Thank you Pan Macmillan Australia for inviting me to be part of the BLOG TOUR for this wonderful book!


Kate, a quiet boarder, making some risky choices to pursue the experimental music she loves.

Clem, shrugging off her old swim-team persona, exploring her first sexual relationship, and trying to keep her annoying twin, Iris, at arm’s length.

Ady, grappling with a chaotic family, and wondering who her real friends are; she’s not the confident A-lister she appears to be.

When St Hilda’s establishes a Year 10 Wellness Program in response to the era of cyber-bullying, the three girls are thrown together and an unlikely friendship is sparked. One thing they have in common: each is targeted by PSST, a site devoted to gossip and slander that must have a source within St Hilda’s.

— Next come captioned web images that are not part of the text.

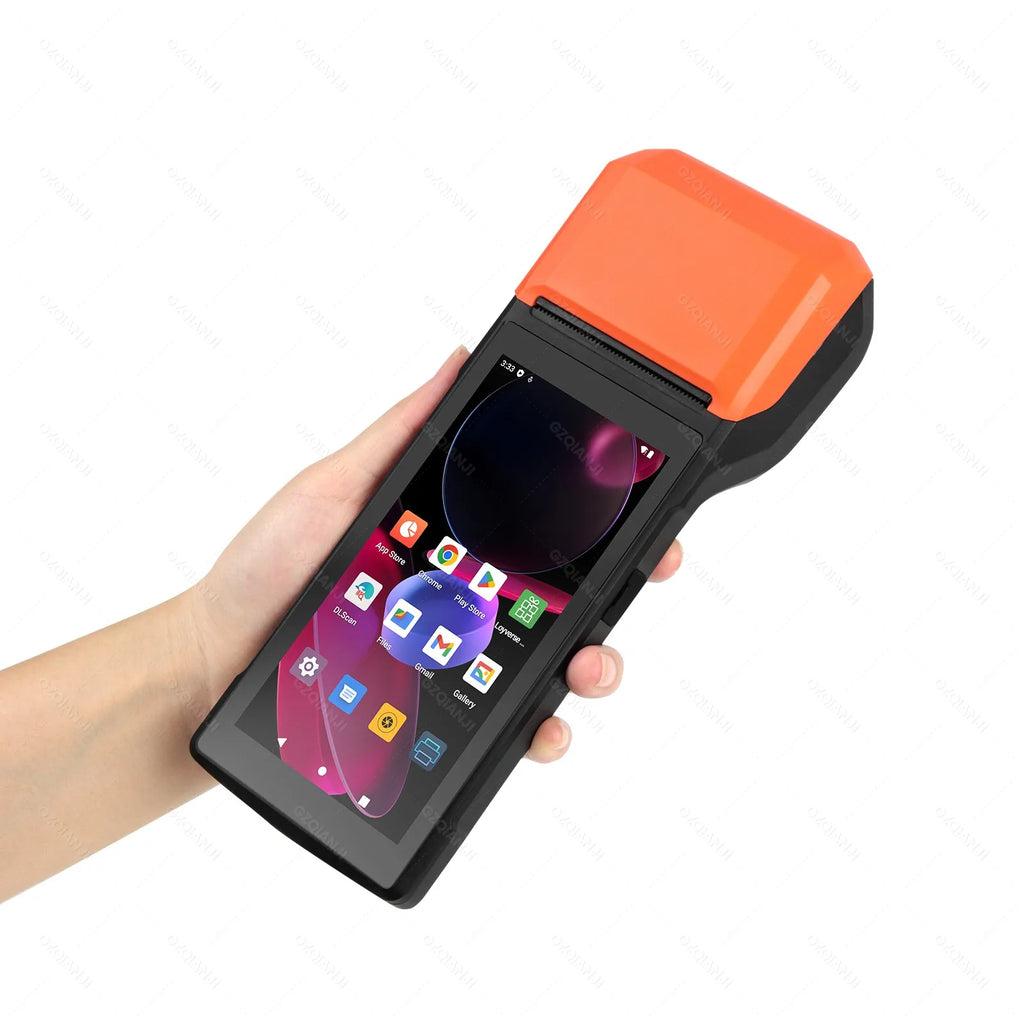 4G Android 13 Handheld Terminal POS Printer 58mm Thermal Printing, 1D/2D Barcode Scanner for Small Business & Protective Case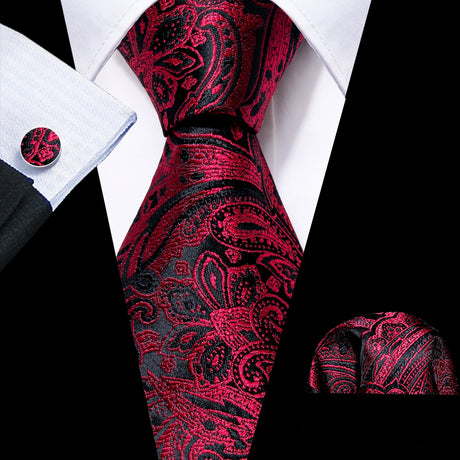red black floral pattern necktie set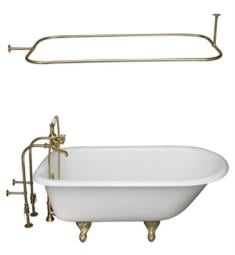 Barclay TKCTRN60-4 Bartlett 60 3/4" Cast Iron Freestanding Clawfoot Soaker Tub in White with Metal Cross Handle Tub Filler and 54" Rectangular Shower Rod
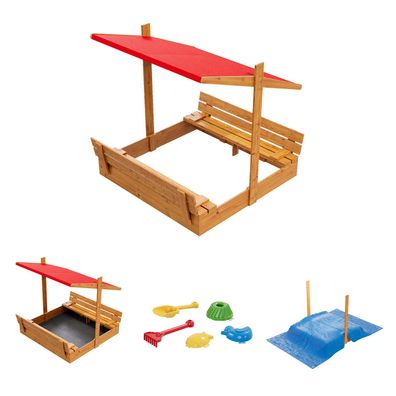 Sandkasten aus Holz mit Sitzbank Dach Abdeckung Imprägniert Sandbox Rot 10781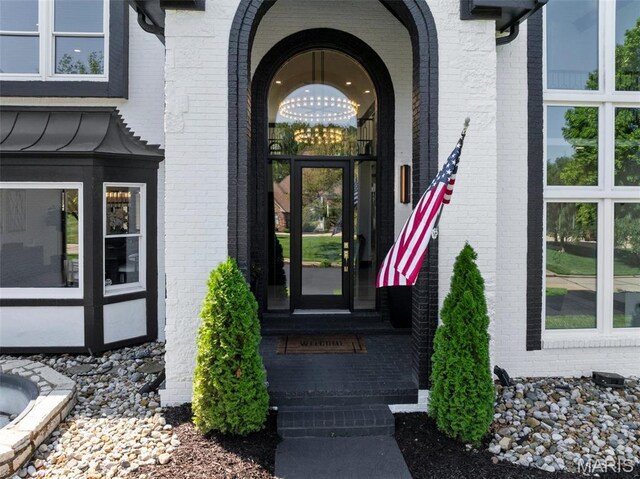 13516 Weston Park Dr, Saint Louis, MO 63131 - doorway to property with brick siding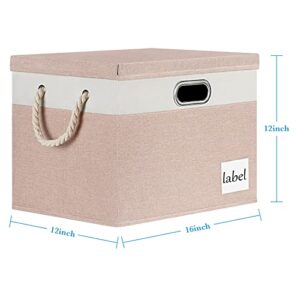 RVSNQ Extra Large Storage Bins with Lids, 16"x12"x12" Foldable Fabric Storage Boxes with Lids, Storage Basket with Cotton Rope Handle and Label, Storage Boxes for Organizing Office, Shelf, Home (2-Pack, Beige&White)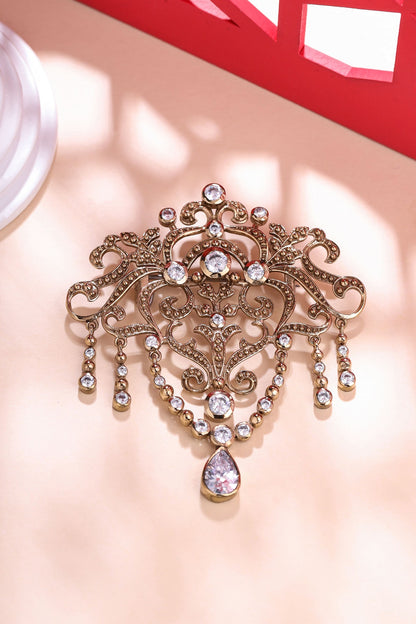 Gold Brass Brooch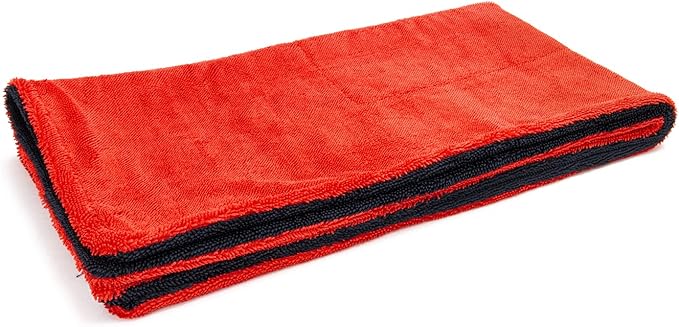 Autofiber Dreadnought Max Triple Layer Microfiber Car Drying Towel, Twist Pile and 1400GSM - Pack of 1, Red/Black (20 inch x 40 inch)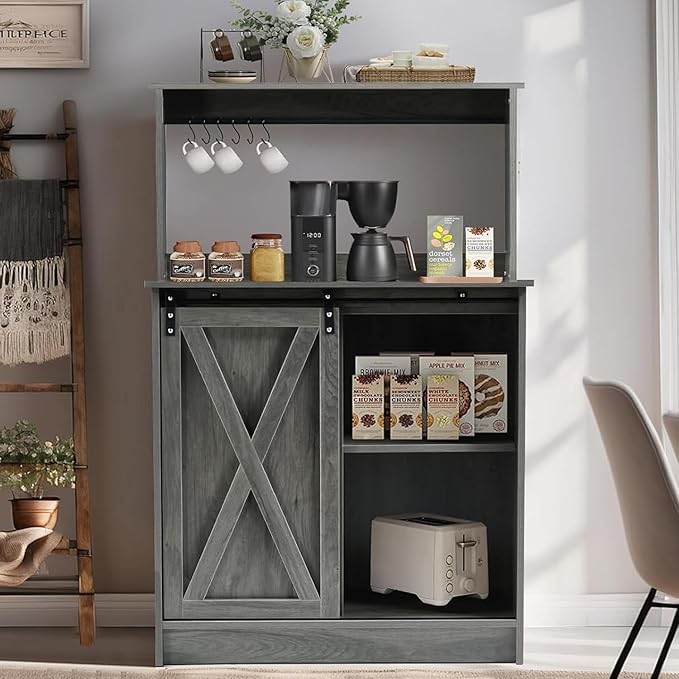 4ever2buy Farmhouse Coffee Bar Cabinet - Image 6
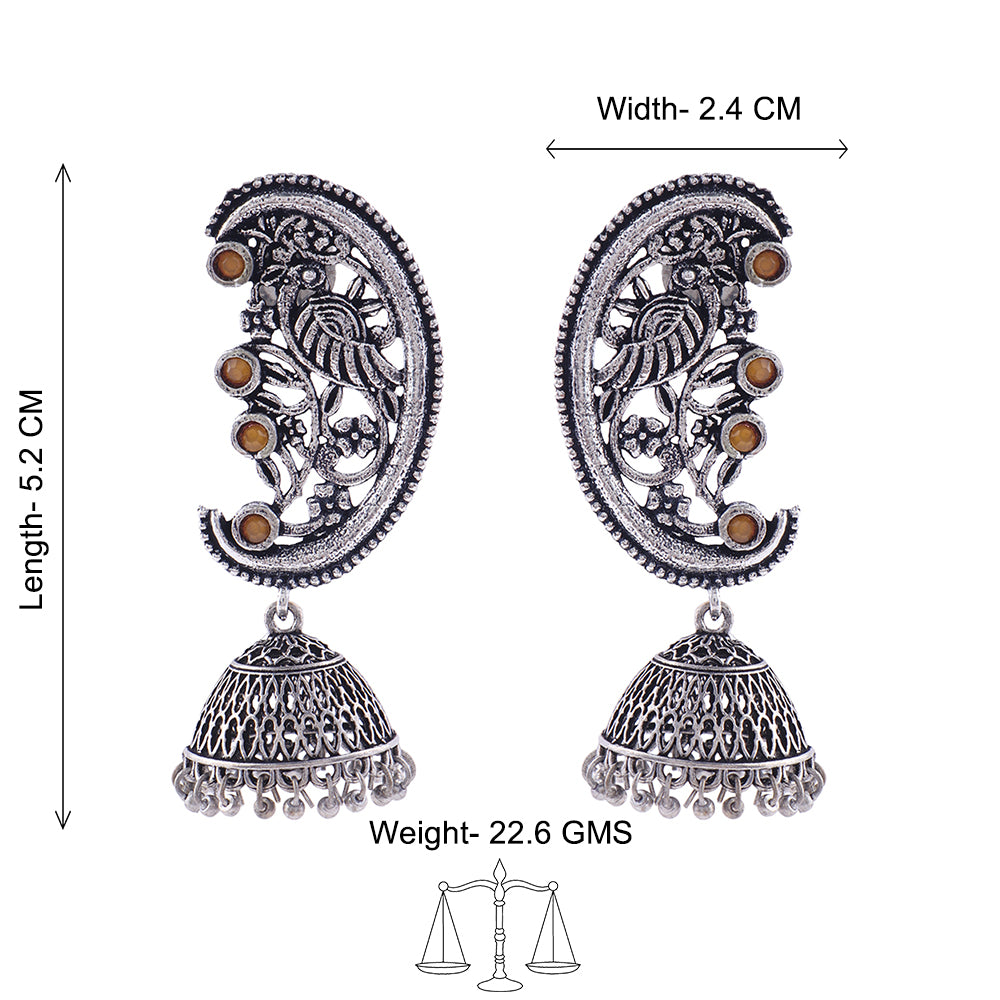 Moon-lit Mayur Jhumki earrings (Yellow)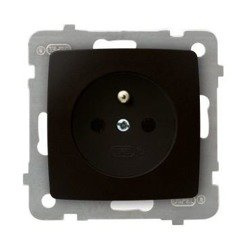 Priză unică cu împământare ciocolată metalică Ospel Karo GP-1SZ/m/40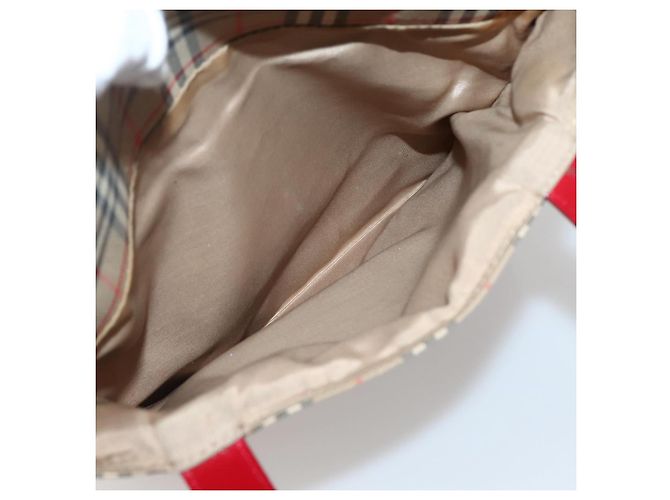 Autre Marque Borsa Tote Burberrys Nova Check in tela beige rossa oro Auth BA5696 Rosso D'oro - vista 20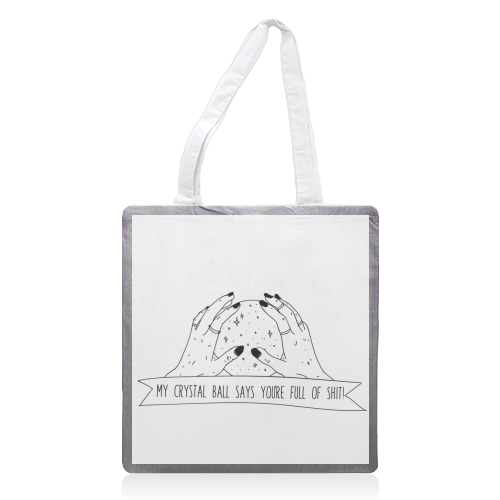 Crystal Ball - printed canvas tote bag by Phie Hackett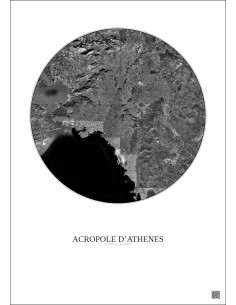 Affiche Acropole Dathenes – Poster vue satellite 20km N&B | Gravura – Fond clair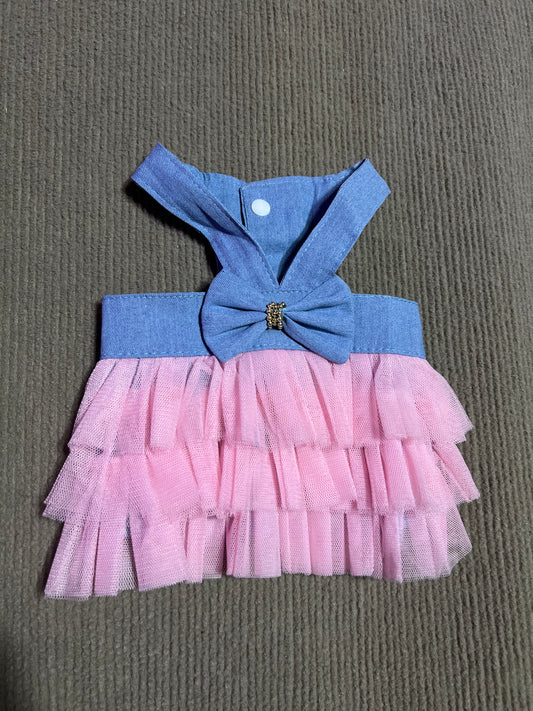 VESTIDO DE TIRANTES MEZCLILLA Y ROSADO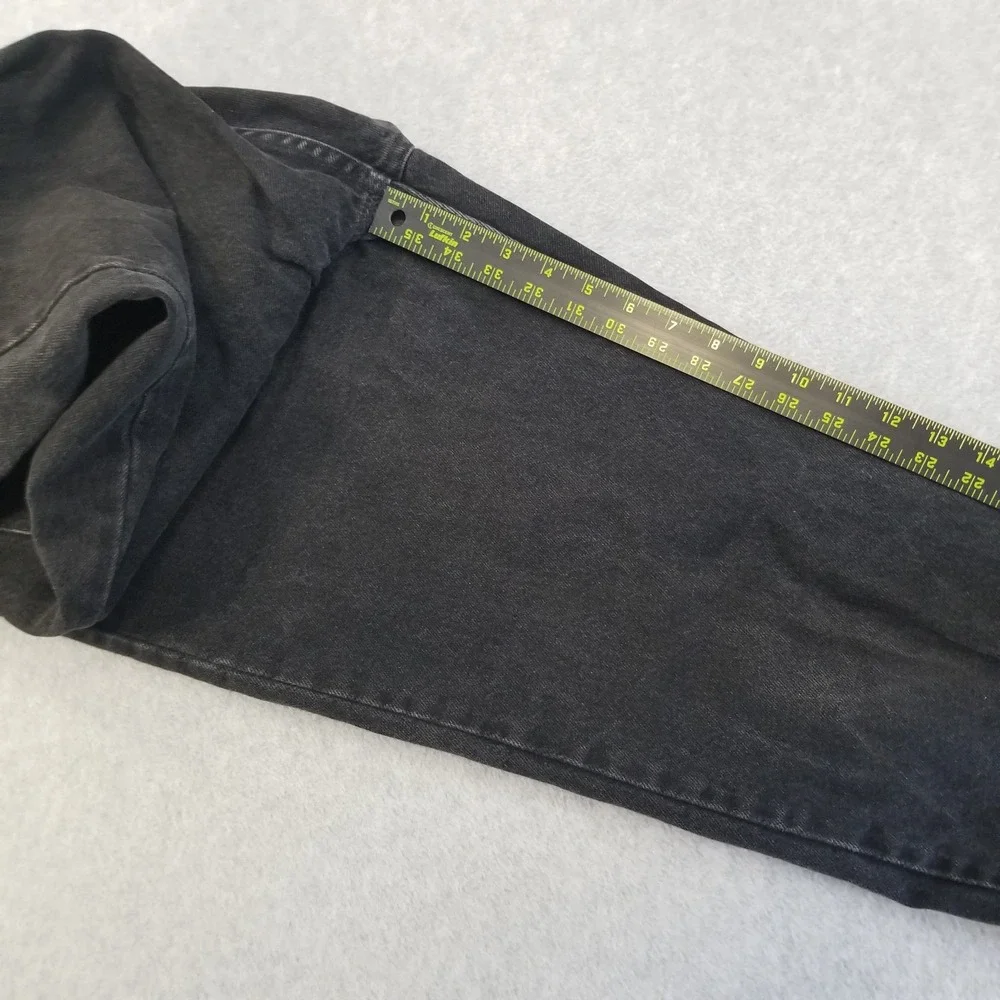 VTG Levi's 505‎ Jeans Mens 38x30 Fits 34x26 Black Orange Tab Hemmed Made in USA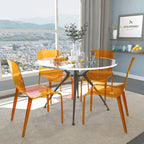 Sedia da Pranzo Trasparente Impilabile, Stile Moderno, Set da 4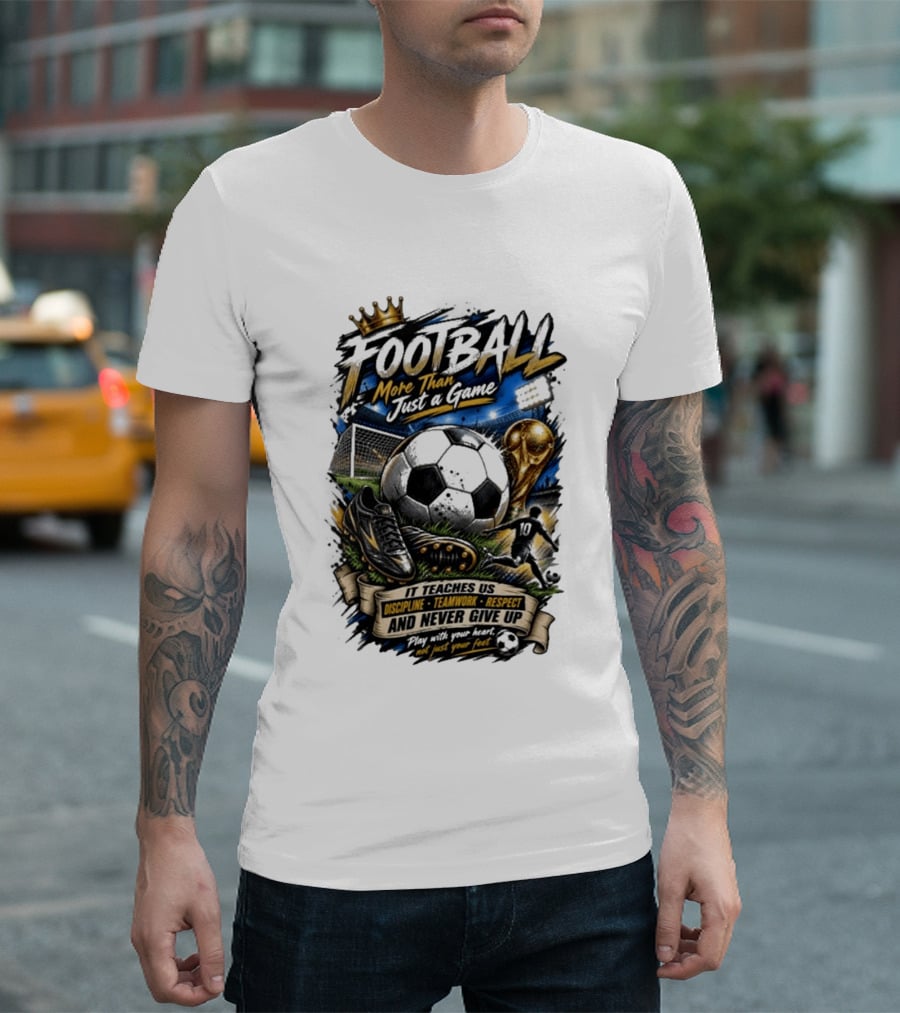 Football More Than Just A Game Discipline Teamwork Respect Never Give Up Play With Your Heart T-Shirt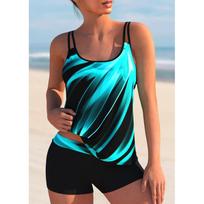 Laisvas Tankini maudymosi kostiumas Tankini Seksualus Bikini Maudymosi kostiumas Vasaros Aukštas liemuo Monokini Moterims Naujas dizainas Spausdinimas Maudymosi apranga XS-8XL XXL šviesiai mėlyna spalva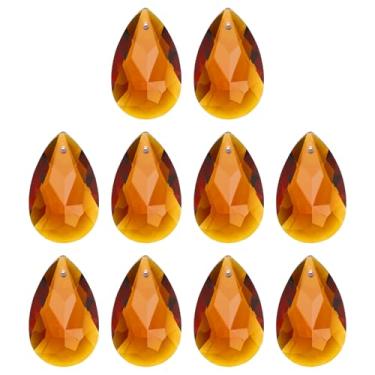 Imagem de PATIKIL K9 Pingentes de gota de cristal, contas ovais, pacote com 10 peças de prismas de lustre de 38 mm, contas penduradas, lâmpada faça você mesmo para decoração de artesanato, âmbar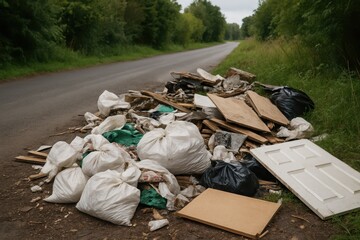 Pile of Waste and Trash Along a Country Road Surrounded by Trees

Who can you trust when rumour is the new truth?

Title: Take Three Girls

Authors: Cath Crowley, Simmone Howell, Fiona Wood

Pages: 423

Genre: contemporary, feminism, young adult

Release Date: August 29, 2017

Publisher: Pan Macmillan Australia
Link to buy book here.

Buy: Dymocks, Booktopia

My thoughts

Take Three Girls reminded me of a bowl of chips. It’s so more-ish and I couldn’t stop myself from devouring it. The three girls (our three protagonists) are distinguished by font and voice, so I could easily tell their perspectives apart; I loved all of them. Their secrets, aspirations, personalities. I wished I could break rules for them and free them.

We follow: Ady (Adelaide), a perceived “popular girl” whose family has money problems, and her father is a drug addict. Clem, a twin (to Iris), a sex positive character, struggling with self esteem and identity. And Kate, a musician at heart, with pressure from her family to become a doctor. I didn’t think they’d work together, but was completely and utterly surprised by how much I loved their dynamic.

“The standard you walk past is the one you accept.”

Gems like the one above crop up throughout the entire book. ❤ These little nuggets made me tear up, it was just empowering and encouraging to read about in a YA novel! I’m a big sook, I know. 

As the synopsis suggests, the Wellness Program plays an intrinsic role in Take Three Girls. Each character writes journal entries in response to weekly prompts plus, we get to see their experiences relating to their lives in between each entry. This broke up the way I read the book, it felt faster because of these sections, and more personal, too. The voices were so clear, I loved getting into Clem’s fiery mind, Ady’s cool facade, and Kate’s ambition.

The online forum PSST (Private School Secrets Tracker) is brutal. Vile comments are made about the girls at St.Hilda’s, including Ady, Clem, and Kate. This, unfortunately, isn’t a gross exaggeration of how disgusting people can be online, but each of the girls handles it in a different way. It was sad but also uplifting, the way these three supported each other. After being forced into a group together they form an unlikely bond and stick together.

I really want to go into specifics because it brought tears to my eyes, but I CAN’T because SPOILERS. So you’ll have to just find out for yourselves. This book made me wiggle with how cute it was! But it also made me wanna hold it up to a crowd, like Rafiki did with Simba, and go, “Read thiiiiiis!” It’s just incredibly important, especially to see girls supporting other girls, rather being pit against each other as rivals. So refreshing to see support and care rather than cattiness and rivalry! 

The growth these characters encounter is heartbreaking but so fulfilling, their support of each other solidifies what a true friend is. Take Three Girls is most definitely about identity and courage. It took three girls to fight the rumours and, well, I can’t really tell you what happens, can I?

I wish this was a book I’d read at 15, not 24. But I am so, so happy it exists now. The comments it raises about Clem’s self esteem, about Ady’s realisation of true friendship, about Kate’s ambition and trust and decision making… it was all so poignant and believable. PLUS, Take Three Girls also points out how destructive an online forum can be, how personal it can get, which is incredibly true of online bullying in real life; it demonstrated that no matter how you deal with it, a support network of friends is key, and that can get you through it.

This book was so engaging, emotive, feminist and relevant, I’d definitely recommend it. ❤


4 / 5 stars

Thanks again to Pan Macmillan for inviting me to be on the blog tour for this incredible book!